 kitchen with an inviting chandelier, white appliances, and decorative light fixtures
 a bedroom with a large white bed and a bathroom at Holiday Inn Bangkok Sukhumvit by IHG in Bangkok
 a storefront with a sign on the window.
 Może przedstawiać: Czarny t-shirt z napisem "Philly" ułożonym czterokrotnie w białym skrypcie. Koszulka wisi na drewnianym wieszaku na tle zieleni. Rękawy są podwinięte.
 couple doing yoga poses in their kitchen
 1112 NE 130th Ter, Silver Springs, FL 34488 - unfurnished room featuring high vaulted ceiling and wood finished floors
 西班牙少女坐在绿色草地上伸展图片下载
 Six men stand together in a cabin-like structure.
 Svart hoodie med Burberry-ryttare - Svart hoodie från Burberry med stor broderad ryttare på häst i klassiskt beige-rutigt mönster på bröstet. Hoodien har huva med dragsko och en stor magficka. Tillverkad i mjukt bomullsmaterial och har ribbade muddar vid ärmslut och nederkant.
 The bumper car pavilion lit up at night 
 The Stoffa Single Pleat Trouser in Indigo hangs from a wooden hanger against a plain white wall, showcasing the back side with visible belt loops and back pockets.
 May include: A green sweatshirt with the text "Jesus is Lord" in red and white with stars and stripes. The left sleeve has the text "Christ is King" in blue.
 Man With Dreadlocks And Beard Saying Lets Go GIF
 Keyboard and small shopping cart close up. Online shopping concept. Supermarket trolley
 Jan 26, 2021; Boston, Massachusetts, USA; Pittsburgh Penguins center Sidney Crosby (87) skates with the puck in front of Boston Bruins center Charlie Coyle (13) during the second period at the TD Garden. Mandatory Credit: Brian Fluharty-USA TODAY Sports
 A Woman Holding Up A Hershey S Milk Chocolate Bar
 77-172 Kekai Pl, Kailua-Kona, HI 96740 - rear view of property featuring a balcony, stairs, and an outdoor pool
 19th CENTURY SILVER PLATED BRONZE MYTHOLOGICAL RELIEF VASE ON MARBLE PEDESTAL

--

EXERCISE DETAILS: The output must reproduce the whole listing without a single change.

EXPECTED ANSWER:
 kitchen with an inviting chandelier, white appliances, and decorative light fixtures
 a bedroom with a large white bed and a bathroom at Holiday Inn Bangkok Sukhumvit by IHG in Bangkok
 a storefront with a sign on the window.
 Może przedstawiać: Czarny t-shirt z napisem "Philly" ułożonym czterokrotnie w białym skrypcie. Koszulka wisi na drewnianym wieszaku na tle zieleni. Rękawy są podwinięte.
 couple doing yoga poses in their kitchen
 1112 NE 130th Ter, Silver Springs, FL 34488 - unfurnished room featuring high vaulted ceiling and wood finished floors
 西班牙少女坐在绿色草地上伸展图片下载
 Six men stand together in a cabin-like structure.
 Svart hoodie med Burberry-ryttare - Svart hoodie från Burberry med stor broderad ryttare på häst i klassiskt beige-rutigt mönster på bröstet. Hoodien har huva med dragsko och en stor magficka. Tillverkad i mjukt bomullsmaterial och har ribbade muddar vid ärmslut och nederkant.
 The bumper car pavilion lit up at night 
 The Stoffa Single Pleat Trouser in Indigo hangs from a wooden hanger against a plain white wall, showcasing the back side with visible belt loops and back pockets.
 May include: A green sweatshirt with the text "Jesus is Lord" in red and white with stars and stripes. The left sleeve has the text "Christ is King" in blue.
 Man With Dreadlocks And Beard Saying Lets Go GIF
 Keyboard and small shopping cart close up. Online shopping concept. Supermarket trolley
 Jan 26, 2021; Boston, Massachusetts, USA; Pittsburgh Penguins center Sidney Crosby (87) skates with the puck in front of Boston Bruins center Charlie Coyle (13) during the second period at the TD Garden. Mandatory Credit: Brian Fluharty-USA TODAY Sports
 A Woman Holding Up A Hershey S Milk Chocolate Bar
 77-172 Kekai Pl, Kailua-Kona, HI 96740 - rear view of property featuring a balcony, stairs, and an outdoor pool
 19th CENTURY SILVER PLATED BRONZE MYTHOLOGICAL RELIEF VASE ON MARBLE PEDESTAL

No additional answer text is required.